▸ Short descriptive text snippets:
###

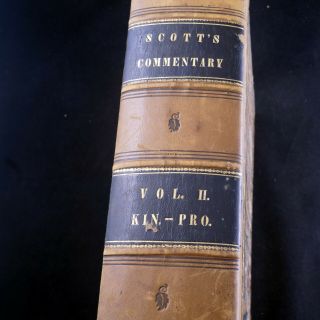 Scott’s Commentary On The Holy Bible V Ii By Thomas Sco 1853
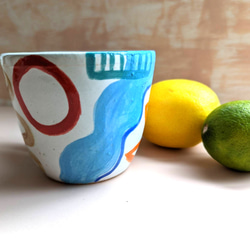 陶器のマグカップ 3枚目の画像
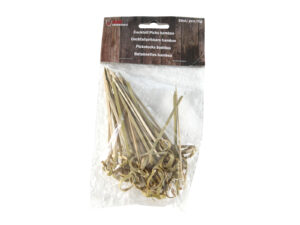 Party bambusowe widelce 9 sm zestaw 30 szt Party bamboo sticks 9 cm long 30 pcs set 22271203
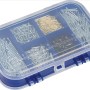 LUX Nagelsortiment 375g im blauen Sortierkasten mit verschiedenen Nagelgrößen und -farben.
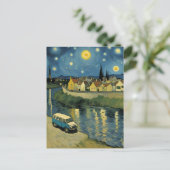 Ein Van Down by River Van Gogh Parody Postkarte (Stehend Vorderseite)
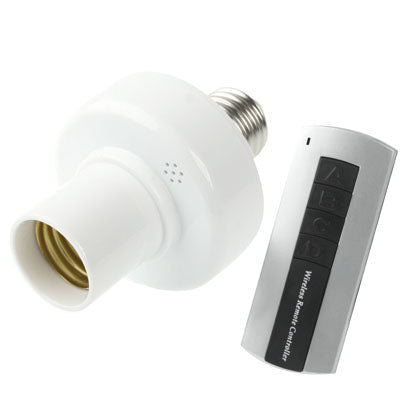E27 Wireless Remote Control Light Lamp Bulb Holder Cap Socket Switch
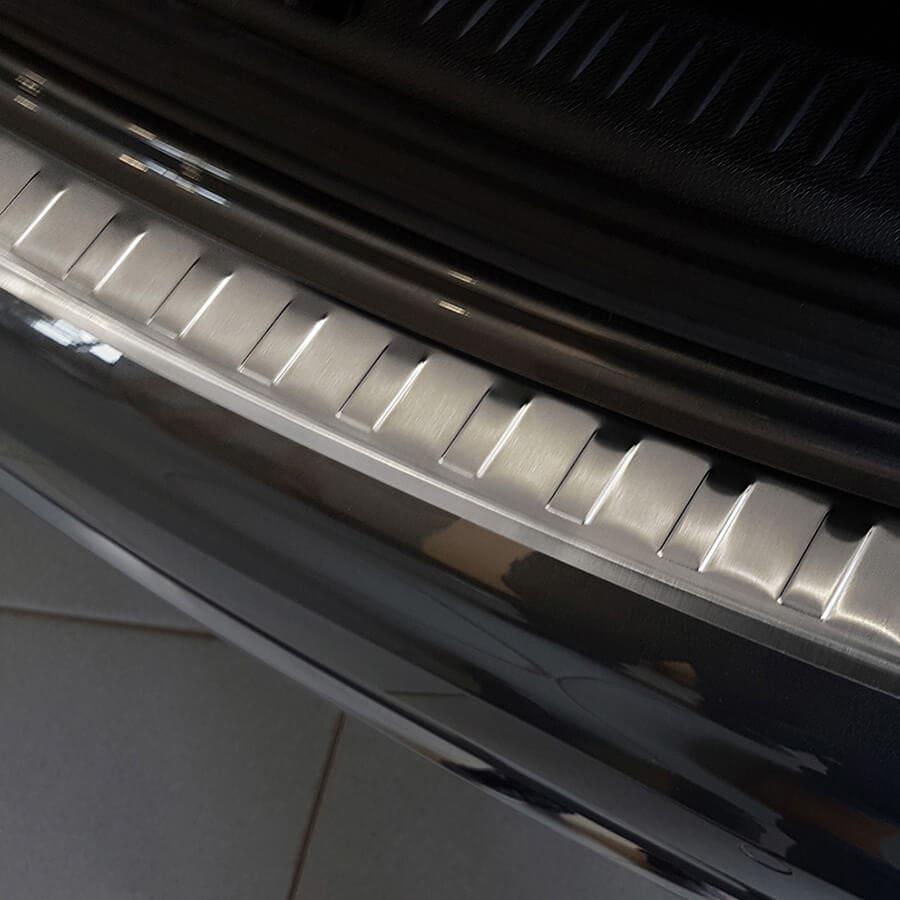 Brushed Steel Rear Bumper Protector Mercedes W213 Sedan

###

▸ What the exercise asks: Locate "Ein Van Down" in the entries above. Copy, exactly and only, the lines from that line to the end, leaving out the pictures.

▸ Task result:
 Ein Van Down by River Van Gogh Parody Postkarte (Stehend Vorderseite)
E27 Wireless Remote Control Light Lamp Bulb Holder Cap Socket Switch
 Brushed Steel Rear Bumper Protector Mercedes W213 Sedan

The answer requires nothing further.